■ ASSIGNED TASK: Search the entries below for the line containing "NIKKE胜利女神内置修改器图2"; from there to the end, return every line exactly and add nothing.

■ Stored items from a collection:
"""

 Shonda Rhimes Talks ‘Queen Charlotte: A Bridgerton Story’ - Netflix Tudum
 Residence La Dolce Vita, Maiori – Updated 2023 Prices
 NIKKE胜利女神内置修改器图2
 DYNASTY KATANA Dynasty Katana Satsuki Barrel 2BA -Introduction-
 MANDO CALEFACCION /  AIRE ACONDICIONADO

"""

■ RESPONSE TO THE EXERCISE:
 NIKKE胜利女神内置修改器图2
 DYNASTY KATANA Dynasty Katana Satsuki Barrel 2BA -Introduction-
 MANDO CALEFACCION /  AIRE ACONDICIONADO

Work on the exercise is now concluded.